A Bola Tinubu presidency would be hamstrung by multiple
burdens. The first is a moral one. His U.S. drug forfeiture in the
1990s, which is now more public knowledge than it has ever been, would
perpetually undermine his moral authority as a president. He is also
clearly physically and mentally unwell and would have a surrogate
presidency that would be worse than Buhari’s.
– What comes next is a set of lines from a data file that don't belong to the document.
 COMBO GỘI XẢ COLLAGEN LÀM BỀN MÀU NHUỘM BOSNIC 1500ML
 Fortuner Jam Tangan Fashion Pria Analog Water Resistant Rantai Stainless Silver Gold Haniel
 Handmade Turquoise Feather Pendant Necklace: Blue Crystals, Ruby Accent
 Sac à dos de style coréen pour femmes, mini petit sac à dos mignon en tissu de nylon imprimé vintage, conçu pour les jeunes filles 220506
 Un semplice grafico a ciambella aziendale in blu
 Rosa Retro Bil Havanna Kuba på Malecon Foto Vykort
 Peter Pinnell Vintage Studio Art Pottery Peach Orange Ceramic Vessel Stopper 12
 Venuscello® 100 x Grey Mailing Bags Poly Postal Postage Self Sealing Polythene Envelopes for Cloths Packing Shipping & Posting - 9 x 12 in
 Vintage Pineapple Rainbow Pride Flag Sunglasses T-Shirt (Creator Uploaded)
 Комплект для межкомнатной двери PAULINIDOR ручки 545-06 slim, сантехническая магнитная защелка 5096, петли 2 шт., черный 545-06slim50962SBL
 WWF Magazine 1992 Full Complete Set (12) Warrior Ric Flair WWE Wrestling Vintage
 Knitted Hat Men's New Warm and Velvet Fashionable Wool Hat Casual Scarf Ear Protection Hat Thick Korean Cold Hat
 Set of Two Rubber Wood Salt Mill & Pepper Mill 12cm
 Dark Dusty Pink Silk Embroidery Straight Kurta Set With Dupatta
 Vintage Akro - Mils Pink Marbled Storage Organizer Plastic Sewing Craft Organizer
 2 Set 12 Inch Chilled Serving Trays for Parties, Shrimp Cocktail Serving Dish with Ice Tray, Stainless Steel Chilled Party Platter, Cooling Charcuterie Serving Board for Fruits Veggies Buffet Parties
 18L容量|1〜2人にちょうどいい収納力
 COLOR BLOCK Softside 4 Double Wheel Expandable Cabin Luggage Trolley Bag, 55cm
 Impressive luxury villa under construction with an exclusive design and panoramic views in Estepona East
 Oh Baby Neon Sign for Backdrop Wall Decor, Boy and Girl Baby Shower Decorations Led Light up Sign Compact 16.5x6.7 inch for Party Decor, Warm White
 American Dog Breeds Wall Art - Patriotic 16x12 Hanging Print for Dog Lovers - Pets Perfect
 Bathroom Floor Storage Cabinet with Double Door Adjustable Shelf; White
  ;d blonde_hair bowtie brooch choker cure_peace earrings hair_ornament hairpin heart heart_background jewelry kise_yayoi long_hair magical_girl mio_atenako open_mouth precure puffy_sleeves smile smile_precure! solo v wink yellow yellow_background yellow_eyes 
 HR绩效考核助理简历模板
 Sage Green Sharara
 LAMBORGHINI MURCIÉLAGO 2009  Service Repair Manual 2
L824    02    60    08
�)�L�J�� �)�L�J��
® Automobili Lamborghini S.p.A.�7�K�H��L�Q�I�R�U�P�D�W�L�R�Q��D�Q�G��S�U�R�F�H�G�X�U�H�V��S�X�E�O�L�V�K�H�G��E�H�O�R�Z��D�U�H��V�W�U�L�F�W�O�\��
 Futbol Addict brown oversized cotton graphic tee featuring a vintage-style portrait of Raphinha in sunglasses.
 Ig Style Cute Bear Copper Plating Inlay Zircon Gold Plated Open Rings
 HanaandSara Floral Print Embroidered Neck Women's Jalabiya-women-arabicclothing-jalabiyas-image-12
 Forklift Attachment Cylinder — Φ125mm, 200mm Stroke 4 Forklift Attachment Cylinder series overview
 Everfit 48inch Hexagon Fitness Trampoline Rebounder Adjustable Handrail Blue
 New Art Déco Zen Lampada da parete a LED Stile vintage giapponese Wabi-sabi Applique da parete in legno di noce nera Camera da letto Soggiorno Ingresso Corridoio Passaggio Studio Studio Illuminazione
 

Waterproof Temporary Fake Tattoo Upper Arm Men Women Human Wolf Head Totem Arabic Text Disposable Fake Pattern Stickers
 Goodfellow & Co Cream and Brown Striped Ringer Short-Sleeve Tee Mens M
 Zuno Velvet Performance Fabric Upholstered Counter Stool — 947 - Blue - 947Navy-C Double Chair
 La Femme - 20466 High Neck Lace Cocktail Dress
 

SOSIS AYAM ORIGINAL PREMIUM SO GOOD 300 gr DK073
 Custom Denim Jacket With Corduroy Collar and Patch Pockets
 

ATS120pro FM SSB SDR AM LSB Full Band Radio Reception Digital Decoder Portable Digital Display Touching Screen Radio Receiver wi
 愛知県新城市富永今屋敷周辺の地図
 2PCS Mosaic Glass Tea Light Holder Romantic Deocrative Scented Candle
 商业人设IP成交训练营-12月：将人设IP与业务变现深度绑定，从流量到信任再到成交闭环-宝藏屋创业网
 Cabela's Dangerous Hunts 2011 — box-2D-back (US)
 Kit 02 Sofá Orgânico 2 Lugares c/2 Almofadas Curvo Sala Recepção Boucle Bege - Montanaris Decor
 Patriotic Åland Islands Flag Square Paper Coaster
But it would be a factious surrogate presidency. Remi Tinubu,
his wife, would head one faction. Seyi Tinubu (whom I learned isn’t the
son of Remi) would head another. In other words, it would be another
Buhari presidency, except that it would be on steroids. It would become
clear that the fears about a Muslim-Muslim presidency were groundless
since both Remi and Seyi are Christians.
I also foresee an open confrontation between Kashim Shettima
and Tinubu’s inner circle, and the confrontation would assume a regional
coloration. Shettima is a studious, strong-willed, and self-assured
personality who would revolt against his exclusion—unlike Osinbajo. It
won’t take long for the North to sour on Tinubu and for regional
animosities to ensue.
Of course, a Tinubu win, like an Atiku win, would most likely
add fuel to the flames of Biafra agitation and mainstream it. It isn’t
just because people in the Southeast rightly feel that this is the time
for a president from their region but also because Tinubu doesn’t seem
to show any warmth toward them. His election, like Atiku’s, would
exacerbate the sensation of alienation in the Southeast.
What is obvious to me is that whoever emerges president in 2023
would have a more difficult country to govern than any president since
at least 1999. That means the formation of a government of national
unity, which some people already advocate, is inevitable.
But a government of national unity is merely elite appeasement.
To have a chance to succeed even minimally, the next government has to
be more attuned to the pulse of the people in more ways than any
government we have had in recent time.